While data science is more about data in general and deriving meaning from it, business analytics is more oriented toward solving particular business problems. Data scientists are tasked with presenting digital information to depict its practical value in data-driven decision-making. However, they do not typically endeavor into solving specific business questions in the way that business analysts do when seeking out meaningful insights.
Career Scope of Business Analytics
As we mentioned above, there are a lot of different sectors recruiting business analytics professionals. Hence, the career scope of business analytics is very wide. Business analytics professionals are hired for different kinds of job roles. Their responsibilities may differ a little based on their designation and the sector in which their organization operates, but the end goal is the same—solving business problems.
Some Important Roles in Business Analytics
||Developing visualizations, building APIs, and creating and working with dashboards
||Analyzing data trends and finding valuable insights and metrics
|Decision Analytics Professional
||Working with data and client requirements to find out the optimum path for a solution and its implementation
||Working with partner clients from planning to implementation phases
Learn more about careers in Business Analytics on our blog at Business Analytics Careers.
Skills Required For Business Analytics
The skill set of a business analytics professional includes:
- SQL (mandatory)
- MS Excel
- Statistical expertise
- Strong analytical skills
- Business acumen
- Python coding (preferred by a lot of companies)
- Proficiency in R (preferred by a lot of companies)

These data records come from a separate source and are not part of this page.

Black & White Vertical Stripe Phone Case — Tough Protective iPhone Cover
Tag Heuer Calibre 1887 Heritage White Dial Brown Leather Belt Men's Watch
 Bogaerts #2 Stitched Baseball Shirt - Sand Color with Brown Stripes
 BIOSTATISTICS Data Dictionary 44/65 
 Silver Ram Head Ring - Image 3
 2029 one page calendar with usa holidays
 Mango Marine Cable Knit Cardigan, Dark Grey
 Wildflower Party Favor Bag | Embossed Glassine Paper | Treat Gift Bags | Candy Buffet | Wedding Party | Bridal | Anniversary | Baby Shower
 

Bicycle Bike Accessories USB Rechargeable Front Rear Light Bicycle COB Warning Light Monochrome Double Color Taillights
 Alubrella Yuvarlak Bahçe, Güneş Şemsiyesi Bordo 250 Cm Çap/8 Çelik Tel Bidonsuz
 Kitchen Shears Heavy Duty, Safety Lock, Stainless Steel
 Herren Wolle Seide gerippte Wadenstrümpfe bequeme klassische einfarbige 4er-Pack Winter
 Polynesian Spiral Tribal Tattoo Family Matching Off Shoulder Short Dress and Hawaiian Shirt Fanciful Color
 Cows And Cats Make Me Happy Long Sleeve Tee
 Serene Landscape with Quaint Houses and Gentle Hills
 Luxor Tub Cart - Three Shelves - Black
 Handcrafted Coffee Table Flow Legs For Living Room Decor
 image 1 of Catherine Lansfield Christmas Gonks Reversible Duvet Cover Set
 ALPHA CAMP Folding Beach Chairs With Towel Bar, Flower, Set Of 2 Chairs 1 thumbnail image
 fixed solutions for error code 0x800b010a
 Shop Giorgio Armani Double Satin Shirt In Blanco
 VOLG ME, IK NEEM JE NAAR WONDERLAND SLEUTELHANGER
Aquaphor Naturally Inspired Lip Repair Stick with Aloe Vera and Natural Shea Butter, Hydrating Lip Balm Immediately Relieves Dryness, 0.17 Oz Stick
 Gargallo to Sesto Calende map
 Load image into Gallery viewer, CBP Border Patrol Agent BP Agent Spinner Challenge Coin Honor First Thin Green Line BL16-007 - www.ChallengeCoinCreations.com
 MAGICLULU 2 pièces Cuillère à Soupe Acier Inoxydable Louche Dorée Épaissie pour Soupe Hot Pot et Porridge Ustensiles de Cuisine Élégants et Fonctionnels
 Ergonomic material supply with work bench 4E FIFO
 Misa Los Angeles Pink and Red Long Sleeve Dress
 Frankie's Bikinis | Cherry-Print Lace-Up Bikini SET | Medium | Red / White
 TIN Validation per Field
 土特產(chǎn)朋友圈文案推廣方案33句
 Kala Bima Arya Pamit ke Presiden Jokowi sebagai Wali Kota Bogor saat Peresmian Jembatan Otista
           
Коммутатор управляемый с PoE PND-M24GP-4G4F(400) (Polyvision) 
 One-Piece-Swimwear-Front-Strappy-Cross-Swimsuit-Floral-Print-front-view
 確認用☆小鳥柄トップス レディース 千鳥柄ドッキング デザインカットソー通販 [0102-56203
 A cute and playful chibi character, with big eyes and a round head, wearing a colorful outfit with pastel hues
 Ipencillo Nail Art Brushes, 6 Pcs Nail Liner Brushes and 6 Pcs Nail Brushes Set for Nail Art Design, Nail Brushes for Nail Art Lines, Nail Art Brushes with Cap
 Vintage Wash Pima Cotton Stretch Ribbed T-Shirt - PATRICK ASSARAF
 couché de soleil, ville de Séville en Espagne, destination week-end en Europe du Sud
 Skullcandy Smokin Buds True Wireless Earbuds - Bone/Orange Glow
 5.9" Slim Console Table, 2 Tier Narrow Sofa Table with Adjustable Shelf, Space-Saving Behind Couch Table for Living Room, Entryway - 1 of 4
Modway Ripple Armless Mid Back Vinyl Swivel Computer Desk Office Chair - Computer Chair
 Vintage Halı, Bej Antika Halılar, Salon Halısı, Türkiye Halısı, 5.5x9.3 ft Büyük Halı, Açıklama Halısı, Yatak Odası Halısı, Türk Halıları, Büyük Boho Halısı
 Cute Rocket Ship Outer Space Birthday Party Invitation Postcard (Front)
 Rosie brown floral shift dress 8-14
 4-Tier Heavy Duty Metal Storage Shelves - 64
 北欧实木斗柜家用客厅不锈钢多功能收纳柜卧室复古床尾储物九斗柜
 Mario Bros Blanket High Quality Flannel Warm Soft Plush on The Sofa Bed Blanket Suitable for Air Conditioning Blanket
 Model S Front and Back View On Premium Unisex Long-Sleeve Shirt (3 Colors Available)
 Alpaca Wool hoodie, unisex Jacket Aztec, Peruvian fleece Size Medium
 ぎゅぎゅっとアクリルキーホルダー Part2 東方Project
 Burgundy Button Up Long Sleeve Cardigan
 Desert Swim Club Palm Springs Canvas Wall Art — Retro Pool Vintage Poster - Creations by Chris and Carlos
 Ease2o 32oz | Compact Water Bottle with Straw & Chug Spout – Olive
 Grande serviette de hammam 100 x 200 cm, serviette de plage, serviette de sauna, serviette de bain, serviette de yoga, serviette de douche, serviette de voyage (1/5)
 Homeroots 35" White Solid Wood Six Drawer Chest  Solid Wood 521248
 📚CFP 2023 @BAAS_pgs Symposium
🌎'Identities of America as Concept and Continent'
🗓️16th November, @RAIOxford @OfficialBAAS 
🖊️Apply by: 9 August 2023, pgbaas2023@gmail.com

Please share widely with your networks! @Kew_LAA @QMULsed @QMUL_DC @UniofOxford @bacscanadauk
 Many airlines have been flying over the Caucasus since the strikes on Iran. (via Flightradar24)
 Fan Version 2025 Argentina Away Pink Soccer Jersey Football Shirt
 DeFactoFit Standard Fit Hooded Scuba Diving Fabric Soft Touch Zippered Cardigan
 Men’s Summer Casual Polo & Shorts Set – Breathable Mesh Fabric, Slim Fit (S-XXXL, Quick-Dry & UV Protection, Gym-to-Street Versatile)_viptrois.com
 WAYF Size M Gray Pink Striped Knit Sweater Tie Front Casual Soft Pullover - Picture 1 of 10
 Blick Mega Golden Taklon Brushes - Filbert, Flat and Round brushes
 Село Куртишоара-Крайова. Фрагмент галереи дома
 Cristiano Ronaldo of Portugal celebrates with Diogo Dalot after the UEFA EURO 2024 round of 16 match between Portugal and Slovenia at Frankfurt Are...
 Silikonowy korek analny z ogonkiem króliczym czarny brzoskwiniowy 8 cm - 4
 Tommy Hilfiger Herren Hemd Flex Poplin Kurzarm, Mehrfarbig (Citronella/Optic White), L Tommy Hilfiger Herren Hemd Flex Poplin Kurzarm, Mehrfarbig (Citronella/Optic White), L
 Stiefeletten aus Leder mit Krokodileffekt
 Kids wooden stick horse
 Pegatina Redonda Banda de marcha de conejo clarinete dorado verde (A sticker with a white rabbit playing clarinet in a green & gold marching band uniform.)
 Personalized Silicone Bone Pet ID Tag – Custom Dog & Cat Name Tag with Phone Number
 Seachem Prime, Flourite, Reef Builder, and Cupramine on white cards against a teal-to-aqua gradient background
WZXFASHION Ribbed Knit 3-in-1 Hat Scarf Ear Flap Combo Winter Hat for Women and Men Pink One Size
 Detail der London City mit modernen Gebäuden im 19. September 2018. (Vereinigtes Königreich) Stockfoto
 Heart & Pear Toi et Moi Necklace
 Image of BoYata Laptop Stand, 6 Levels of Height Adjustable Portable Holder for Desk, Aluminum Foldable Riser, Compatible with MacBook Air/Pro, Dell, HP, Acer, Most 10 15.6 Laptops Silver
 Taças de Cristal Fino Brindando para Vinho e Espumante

- Data visualization skills (preferably in Tableau and Power BI)
These skills are very easy to master if you are ready to acquire them. You can further enroll in our Business Analyst Course to become a Business Analyst professional
Business Analytics Salaries
- The average salary in the business analytics field is INR780,000 p.a. However, it may vary based on the sector and the experience and skills of the professionals.
- As they go higher in their career, these professionals can easily earn INR2,000,000 with six to seven years of experience.
- Professionals with Python and R skills earn higher average salaries than those who do not have these skills.
- In the United States, the average salary of a business analytics professional is around US$80,000 p.a.